• Brief:
For this exercise, write out the full listing that follows exactly and skip its pictures.
#####
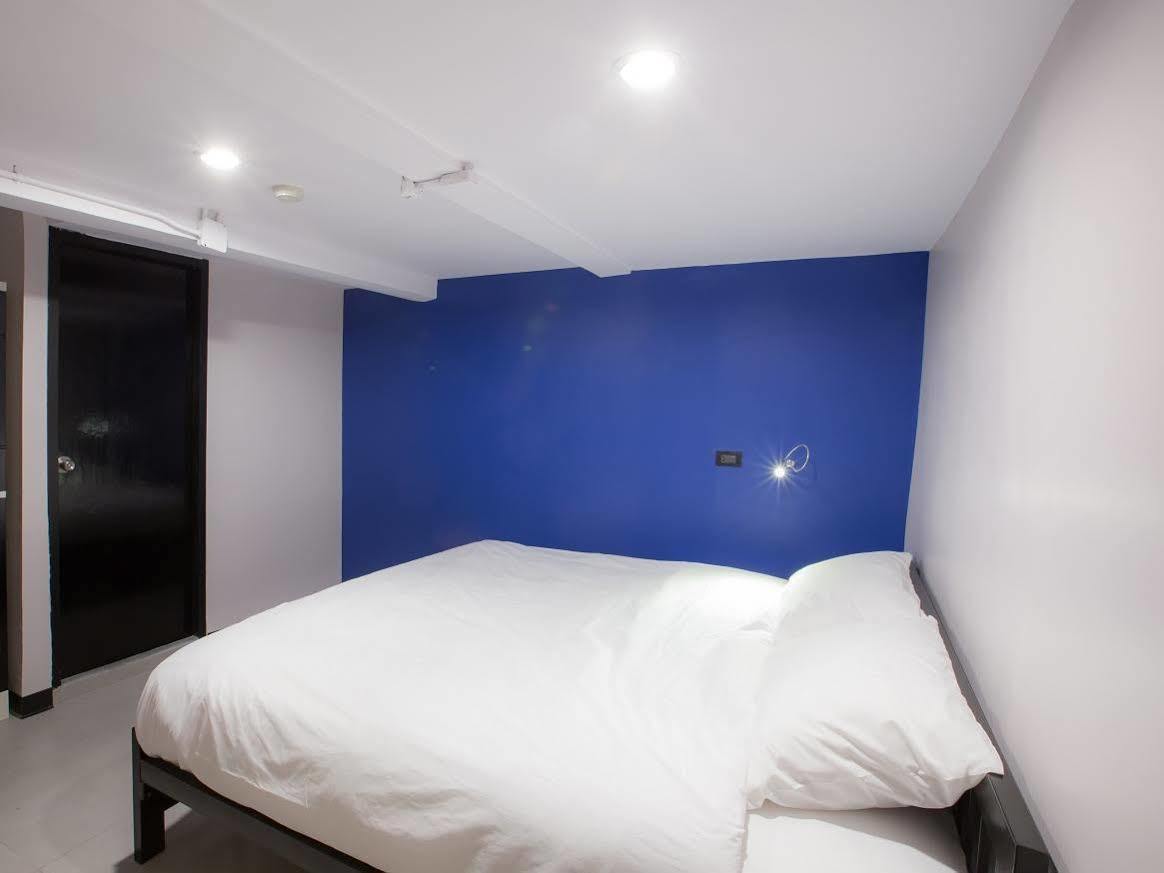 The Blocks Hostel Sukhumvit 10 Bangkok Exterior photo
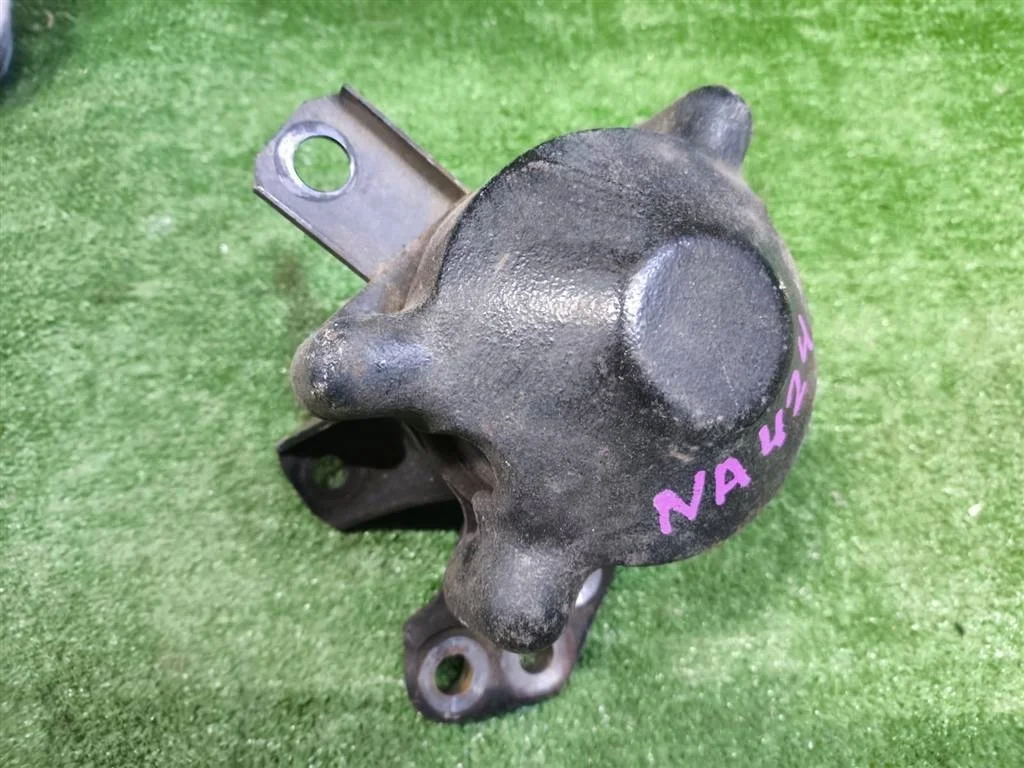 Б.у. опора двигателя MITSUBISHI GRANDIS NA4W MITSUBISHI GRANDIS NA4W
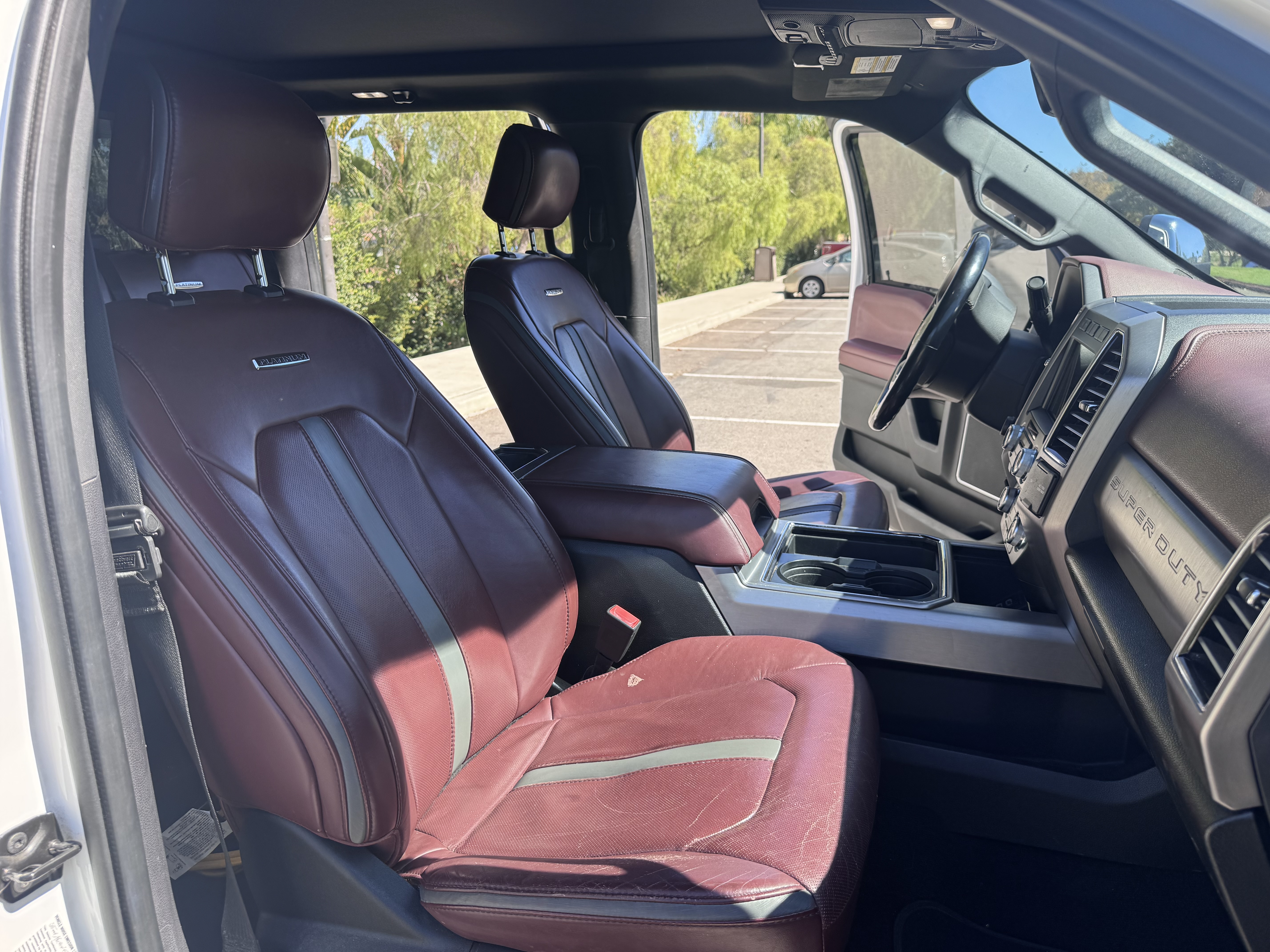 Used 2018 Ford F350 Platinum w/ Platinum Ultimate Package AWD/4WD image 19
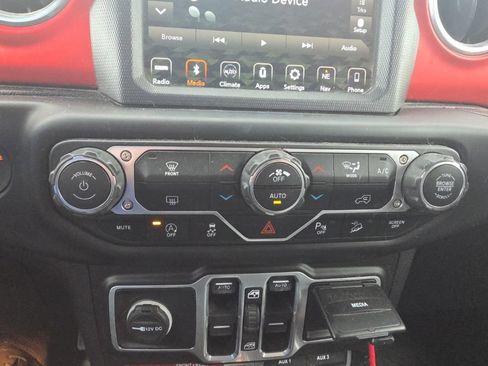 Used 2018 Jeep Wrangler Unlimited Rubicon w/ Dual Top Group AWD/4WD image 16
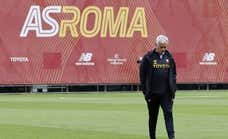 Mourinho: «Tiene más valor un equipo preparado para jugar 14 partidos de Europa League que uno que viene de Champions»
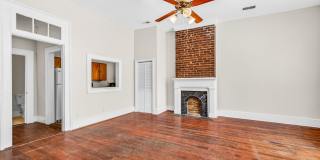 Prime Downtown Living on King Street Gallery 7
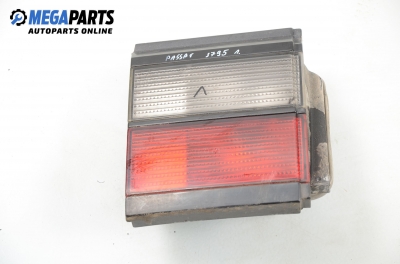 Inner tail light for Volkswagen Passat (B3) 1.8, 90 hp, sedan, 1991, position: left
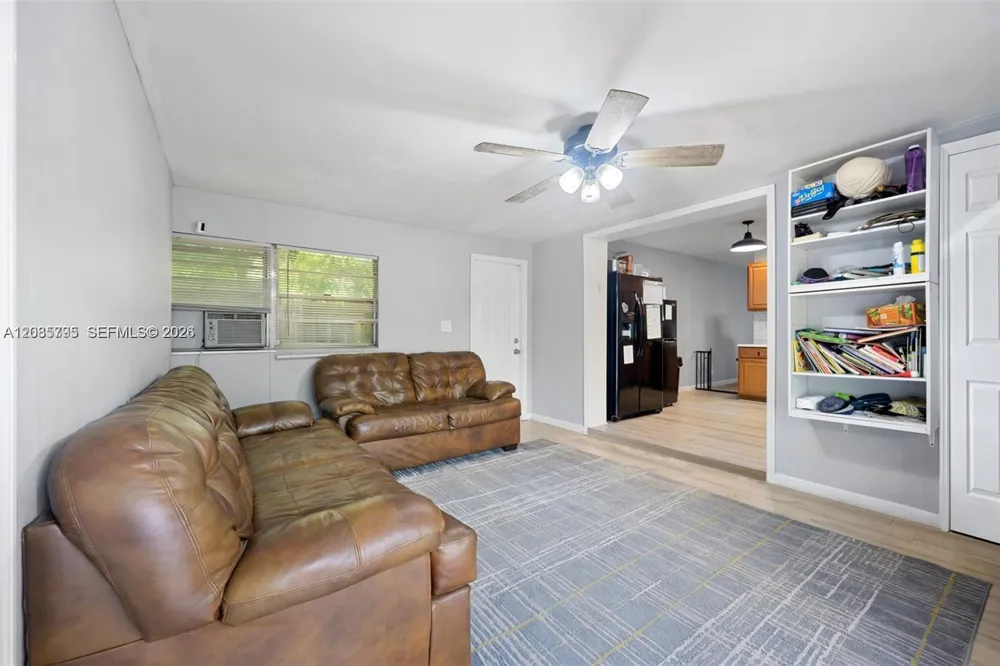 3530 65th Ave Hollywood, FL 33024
#####
• Solution below:
 The Blocks Hostel Sukhumvit 10 Bangkok Exterior photo
 Б.у. опора двигателя MITSUBISHI GRANDIS NA4W MITSUBISHI GRANDIS NA4W
 Used 2018 Ford F350 Platinum w/ Platinum Ultimate Package AWD/4WD image 19
 Used 2018 Jeep Wrangler Unlimited Rubicon w/ Dual Top Group AWD/4WD image 16
 Mourinho: «Tiene más valor un equipo preparado para jugar 14 partidos de Europa League que uno que viene de Champions»
 Prime Downtown Living on King Street Gallery 7
 Inner tail light for Volkswagen Passat (B3) 1.8, 90 hp, sedan, 1991, position: left
 3530 65th Ave Hollywood, FL 33024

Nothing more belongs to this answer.